# How many Hives???



## dkdusey (Apr 3, 2014)

If there is 25 125 acre Pivots of Alfalfa being cut at 15% flowering. in the middle of the Desert with virtually no other Flowering sources other than the mesquite when it blooms. how many Hives could be comfortably run off of these fields? is there a standard ratio of Hives per acre on alfalfa? before they don't have enough feed? 

thanks
Dustin


----------



## Michael Bush (Aug 2, 2002)

It seems to me that Dee Lusby has about 20 to 40 hives in each of her apiaries in the middle of the Sonora desert. There are miles between them. They are always next to water tanks for cattle with board as floats for the bees. They are thriving. You may be underestimating the value of the desert and how many other sources there are. The alfalfa won't hurt...


----------



## dkdusey (Apr 3, 2014)

Michael Bush said:


> It seems to me that Dee Lusby has about 20 to 40 hives in each of her apiaries in the middle of the Sonora desert. There are miles between them. They are always next to water tanks for cattle with board as floats for the bees. They are thriving. You may be underestimating the value of the desert and how many other sources there are. The alfalfa won't hurt...

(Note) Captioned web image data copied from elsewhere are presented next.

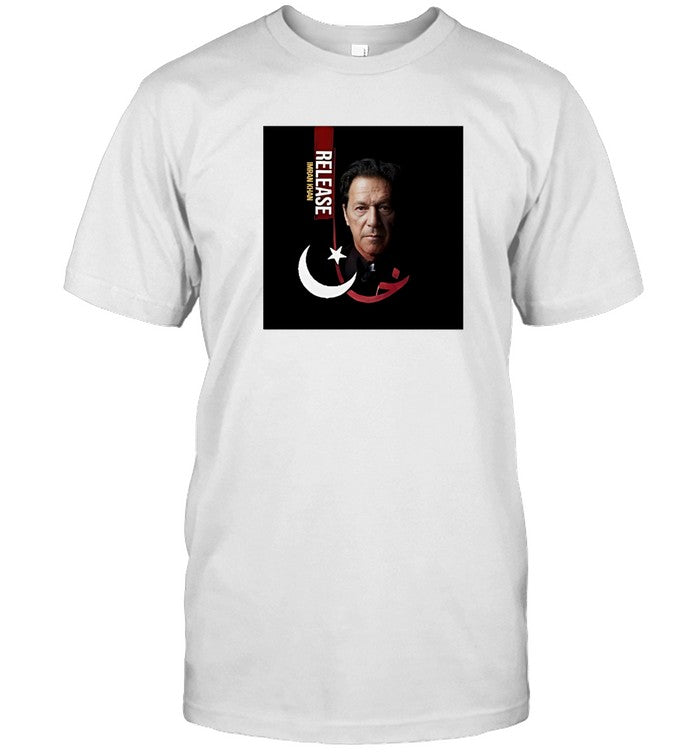 Jhanzaib Release Imran Khan Prisoner No 804 Shirt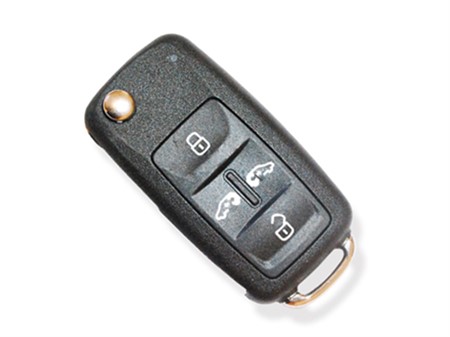 VW Sharan hands free flick key with 5 button remote control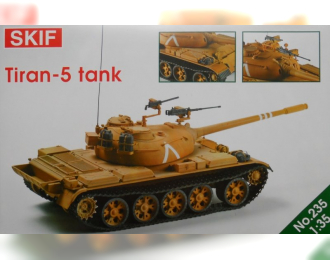 Сборная модель Средний танк Tiran-5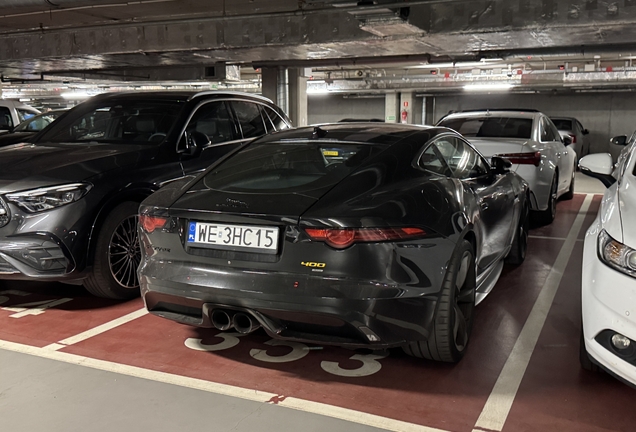 Jaguar F-TYPE 400 Sport Coupé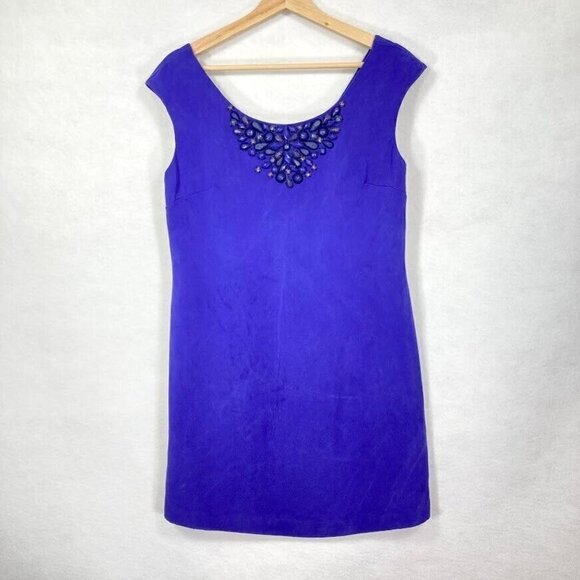 Rebecca Taylor Dresses & Skirts - Rebecca Taylor Sleeveless Silk Dress Embellished Lightweight Summer Wedding 8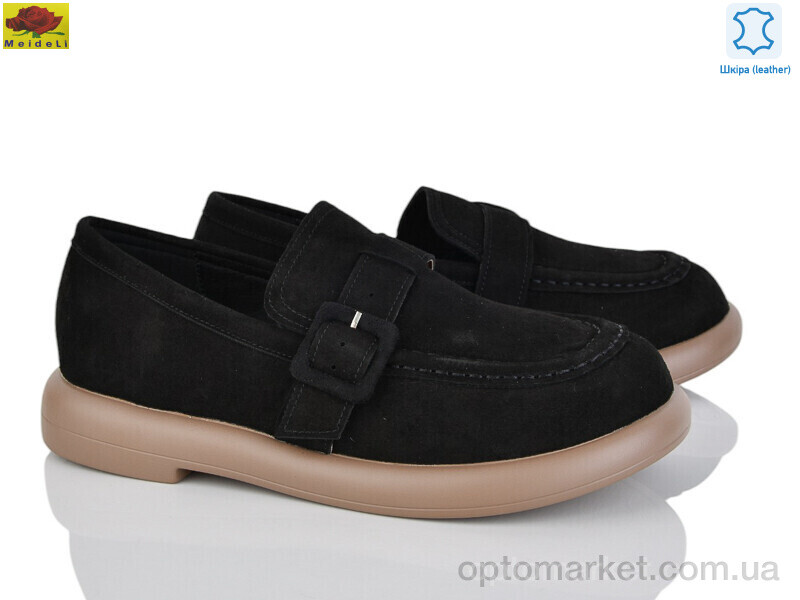 Купить Туфлі жіночі W8963-3 Mei De Li чорний, фото 1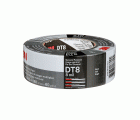 3M™ Cinta americana multiuso DT8, Negro, 48 mm x 55 m, 0.2 mm, 24 rollos por caja, envueltos individualmente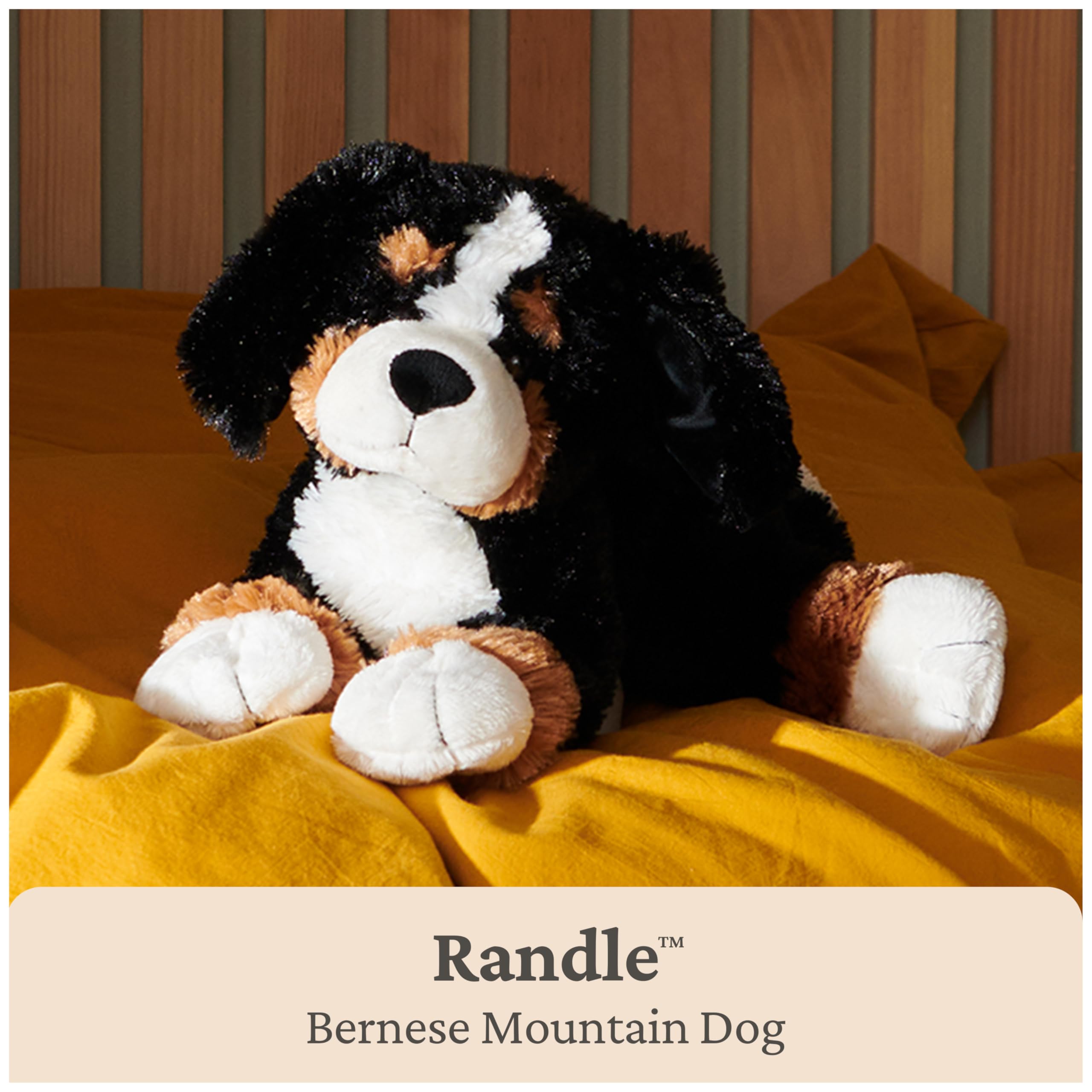 GUND Randle 13-Inch Bernese Mountain Dog Stuffed Animal for Ages 0+ 🍁 All In One Marketplace Canada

You are Most likely correct. I am hoping for that, but want to be prepared. I have an opportunity to Winter some Hives there, instead of Storing them in a Warehouse. also all the fields are in the same area next to each other. probably in about a 6 Square mile area. the water source would be the Constant Watering of the fields from the pivots. the fields are cut and watered at varying stages... so there is always water and always alfalfa in bloom.

Dustin


----------



## zhiv9 (Aug 3, 2012)

She also runs 3 deeps, so the hives have a lot of resources to weather dearths.


----------



## Michael Bush (Aug 2, 2002)

>She also runs 3 deeps

Mostly she runs 5 deeps. I've only seen a few that were 3 deeps... and yes she leaves them plenty of resources and only feeds in really bad years.


----------



## jim lyon (Feb 19, 2006)

dkdusey said:


> If there is 25 125 acre Pivots of Alfalfa being cut at 15% flowering. in the middle of the Desert with virtually no other Flowering sources other than the mesquite when it blooms. how many Hives could be comfortably run off of these fields? is there a standard ratio of Hives per acre on alfalfa? before they don't have enough feed?
> 
> thanks
> Dustin


Alfalfa is an unpredictable nectar source. My experience is it often yields the best when temps are high and the alfalfa is somewhat drought stressed. It's both caught me by surprise and disappointed me. I wouldn't get my hopes up to high with irrigated alfalfa. Seems like the water can go more for growth and less for nectar. The best answer is going to come from someone in your area who has tried it. I would inquire about spray, though. I have heard lots of sad alfalfa stories from out west.


----------



## red (Jan 15, 2013)

Around here first cutting gets hit by bug spray. Any of the second cutting that wasn;t hit during the first round generaly gets hit by bug spray. Over all the bees don't like to work it if anything else is available. If you have a feild in full bloom that has been drought stressed as Jim said above the bees can make a killer honey crop.


----------



## Roland (Dec 14, 2008)

I concur with Jim:

My experience is it often yields the best when temps are high and the alfalfa is somewhat drought stressed. 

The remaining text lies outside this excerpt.